With pictures left out, set down exactly the lines that begin at the one containing "Those are some" and end with the last line of the entries below.

+-------+

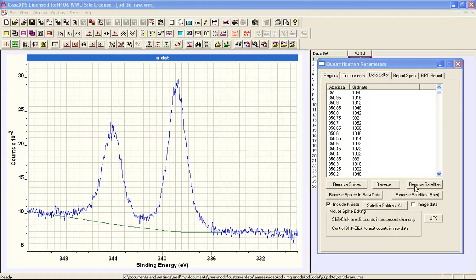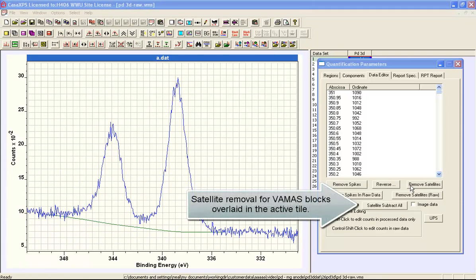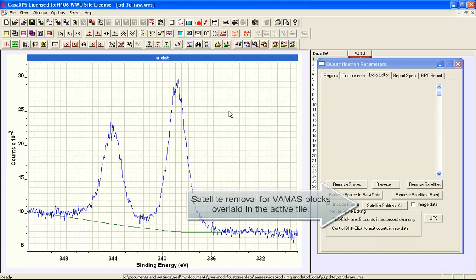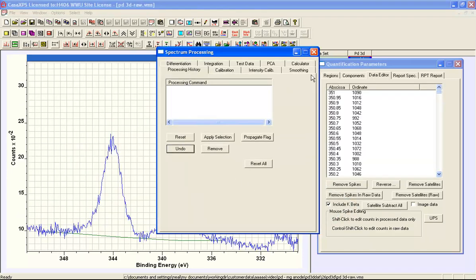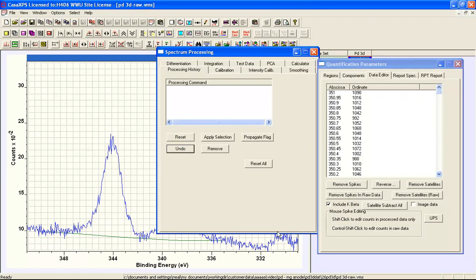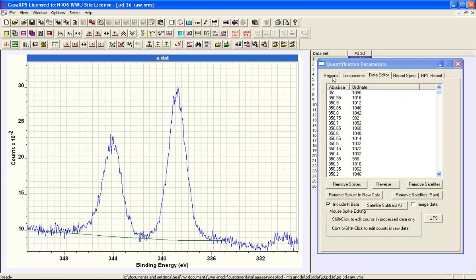Remove satellites removes the satellites from the processed data only. The raw data is still in the original state so we're able to undo these operations using the undo button on the spectrum processing dialog window. So we have the satellites returned here.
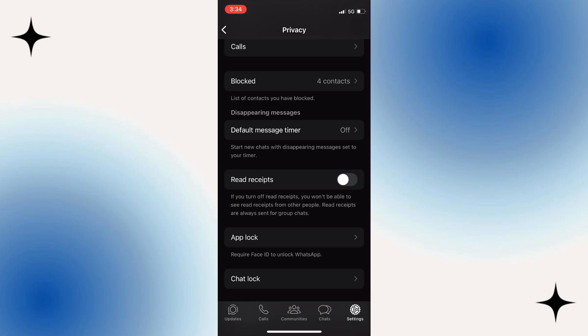able to see read receipts from other people—it's a trade-off. But there you go, you've now done it and can read messages without them knowing.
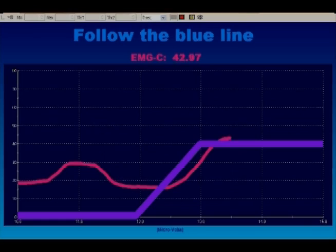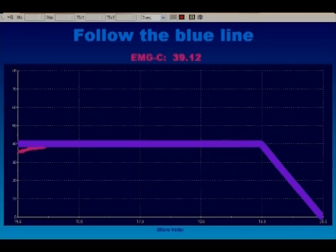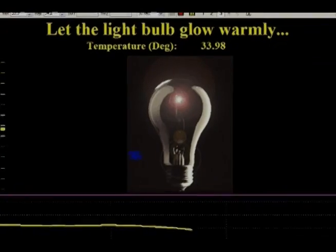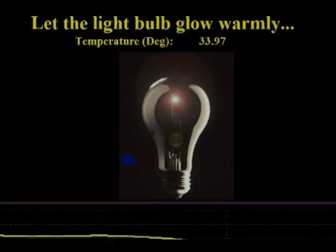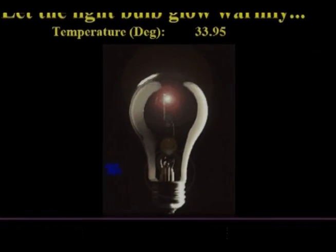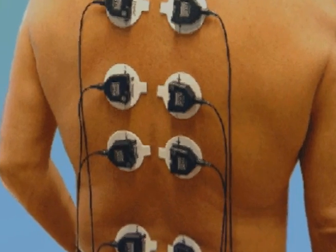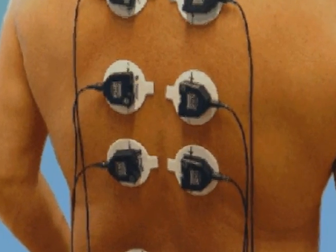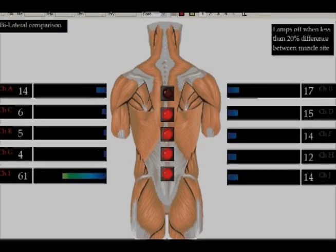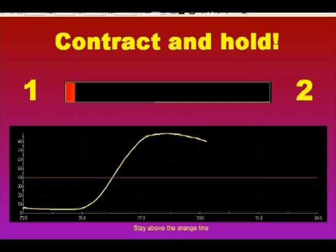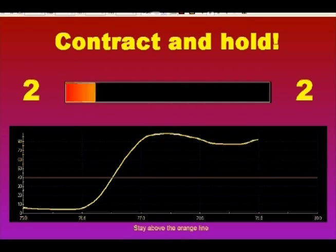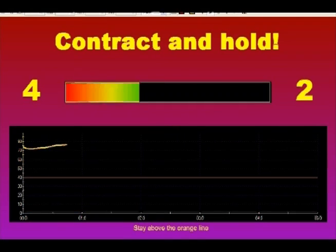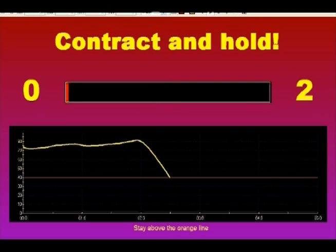Biograph Infinity also allows you to create customized templates to provide specific feedback for incontinence or SEMG rehabilitation. This is a screen to teach relaxation through temperature biofeedback. These screens illustrate how paraspinal SEMG scanning can be used. For incontinence and other applications, we can calculate onset and release times, and other statistics for work, rest, training, and evaluation.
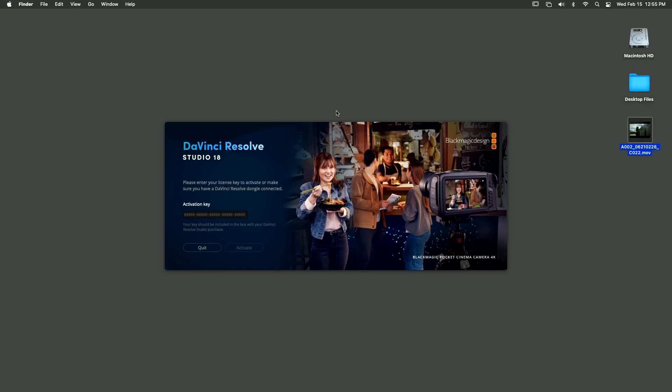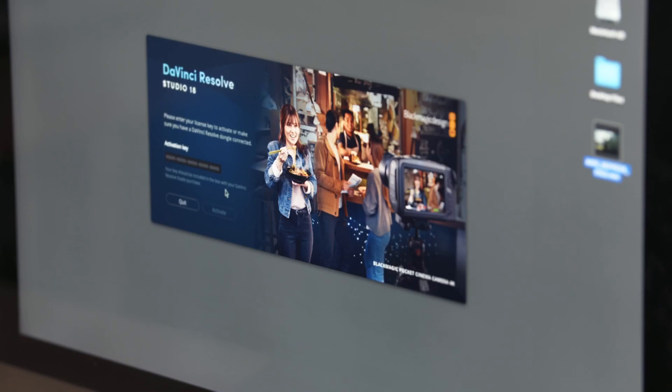During the first launch of the application, after the installation and the welcome process, you should see the activation screen. If you do not see the activation code entry screen, yet you can run DaVinci Resolve, you might have the free version of the application installed.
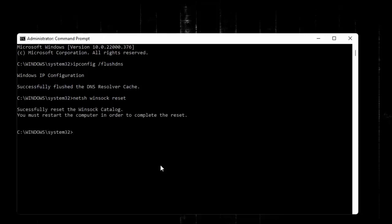Then type last command sfc space forward slash scannow. Hit enter.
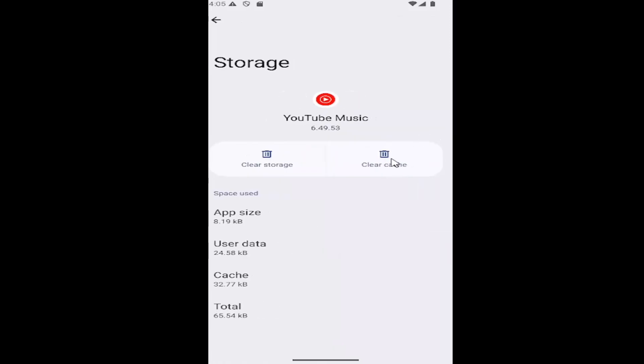First thing I recommend trying would be to clear the cache, then relaunch YouTube Music and see if it's working again.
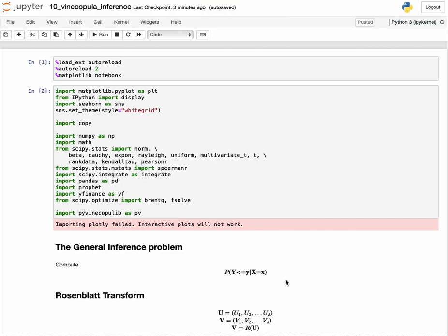This is a simple example we can compute easily. But imagine the scenario where we have hundreds of variables, where we want to compute the distributions given another 100 variables of data. As the number of dimensions grows, this becomes computationally difficult. There are general algorithms such as Markov chain Monte Carlo, but for vine copulas, we can use the Rosenblatt transform.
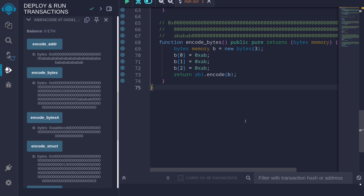Those are some examples of how different data types are ABI encoded. You'll need to remember this when using assembly to make external calls and receive data — the data received inside your contract will be ABI encoded. Also, if you return data using assembly, you'll need to return ABI encoded data.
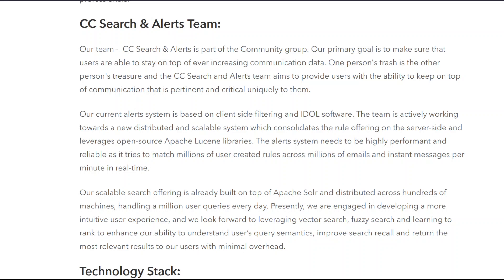Our current alert system is based on client-side filtering. The team is actively working towards a new distributed and scalable system which consolidates the rule offering on the server side and leverages open-source Apache Lucene libraries. The alert system needs to be highly performant and reliable as it tries to match millions of user-created rules across millions of emails and instant messages per minute, in real time.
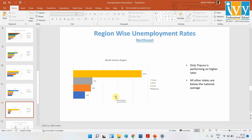So we should not draw a general negative perspective about the northeast just because Tripura is at the top. All the other states are performing well. It should be noted that this dataset does not include data for a few states like Arunachal Pradesh, Mizoram, Manipur, and Nagaland. Except for those states, all others are covered here.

+-------+

Problem solution>
Those are some examples of how different data types are ABI encoded. You'll need to remember this when using assembly to make external calls and receive data — the data received inside your contract will be ABI encoded. Also, if you return data using assembly, you'll need to return ABI encoded data.
Our current alert system is based on client-side filtering. The team is actively working towards a new distributed and scalable system which consolidates the rule offering on the server side and leverages open-source Apache Lucene libraries. The alert system needs to be highly performant and reliable as it tries to match millions of user-created rules across millions of emails and instant messages per minute, in real time.
So we should not draw a general negative perspective about the northeast just because Tripura is at the top. All the other states are performing well. It should be noted that this dataset does not include data for a few states like Arunachal Pradesh, Mizoram, Manipur, and Nagaland. Except for those states, all others are covered here.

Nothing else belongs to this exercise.